Q11. Select 2 classifiers, instantiate them and train them. A few models are given below:
- DecisionTreeClassifier
- GaussianNB
- RandomForestClassifier
- Support Vector Machine
- Any other classifier, look them up!

In [None]:
# Initialize and train
clf1 = None
clf2 = None

## Cross Validation and Performance Analysis

In [None]:
from sklearn.metrics import accuracy_score

y_pred_1 = None
y_pred_2 = None

acc1 = None
acc2 = None

print("Accuracy score of clf1: {}".format(acc1))
print("Accuracy score of clf2: {}".format(acc1))

## Hyperparameter Tuning

How do we optimize the classifier in order to produce the best results? We need to tune the model by varying various hyperparameters. We can use GridSearchCV to simplify the whole process.

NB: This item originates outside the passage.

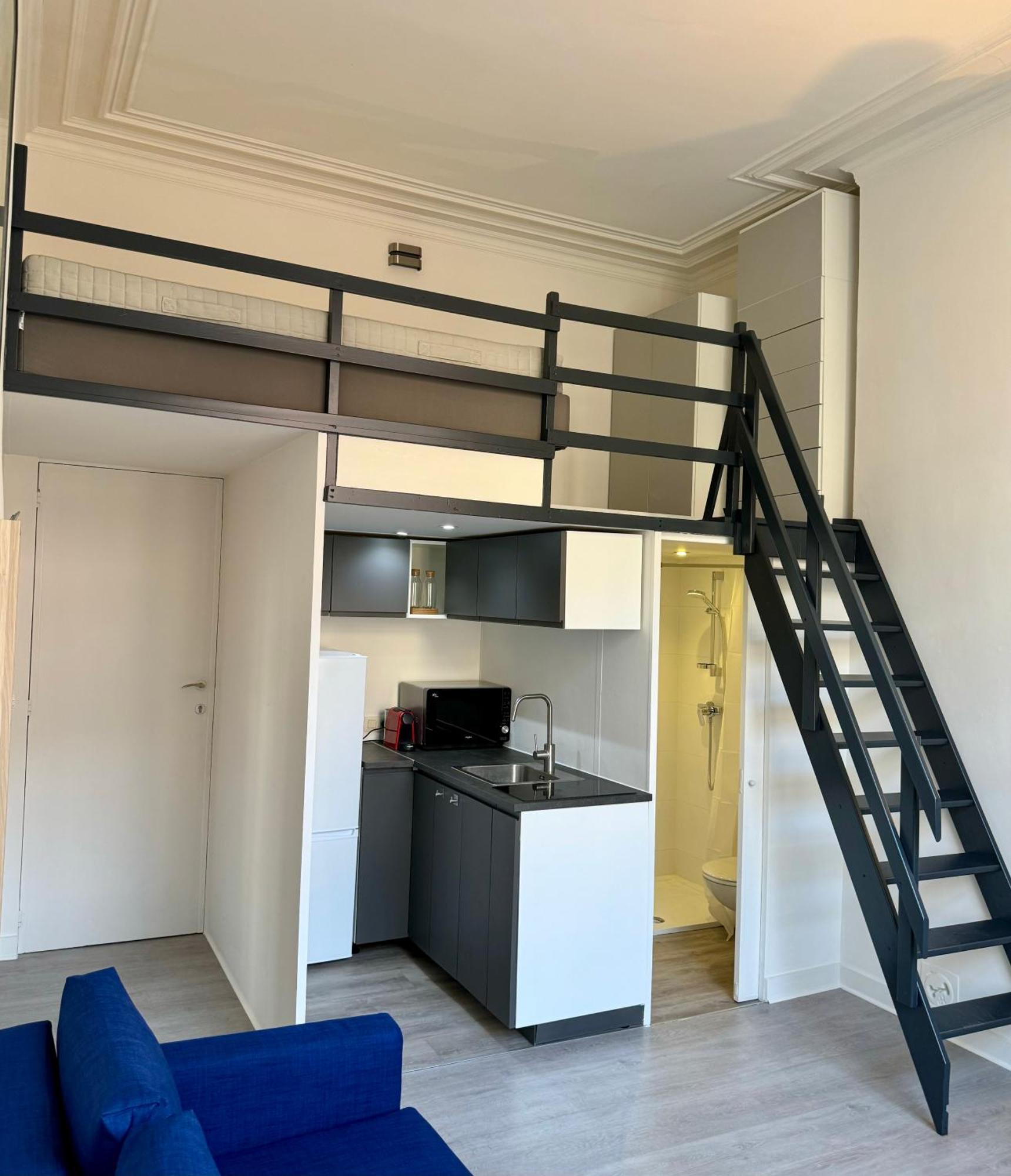 Studio Avec Chambre En Mezzanine บรัสเซลส์ ภายนอก รูปภาพ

For GridSearchCV, carry out the following steps(We will only do this for one classifier, so choose one of your previous classifiers):
- Initialize a new classifier object
- Create a dictionary of parameters you wish to tune.(e.g. parameters = {'param_name':[list of values]})
- Note: Avoid tuning the max_features parameter of your learner if that parameter is available!
- Use make_scorer to create an accuracy_score object
- Perform grid search on the classifier clf using the 'scorer', and store it in grid_obj.
- Fit the grid search object to the training data (X_train, y_train), and store it in grid_fit.

In [None]:
from sklearn.model_selection import GridSearchCV
from sklearn.metrics import make_scorer

#TODO
clf = None           #Initialize the classifier object

parameters = None    #Dictionary of parameters

scorer = None        #Initialize the scorer using make_scorer

grid_obj = None      #Initialize a GridSearchCV object with above parameters,scorer and classifier

grid_fit = None      #Fit the gridsearch object with X_train,y_train

best_clf = None      #Get the best estimator. For this, check documentation of GridSearchCV object

unoptimized_predictions = None      #Using the unoptimized classifiers, generate predictions
optimized_predictions = None        #Same, but use the best estimator

acc_unop = None       #Calculate accuracy for unoptimized model
acc_op = None         #Calculate accuracy for optimized model

print("Accuracy score on unoptimized model:{}".format(acc_unop))
print("Accuracy score on optimized model:{}".format(acc_op))

We have learnt some methods to boost our accuracy. Try messing around with the above functions and bring up model performance.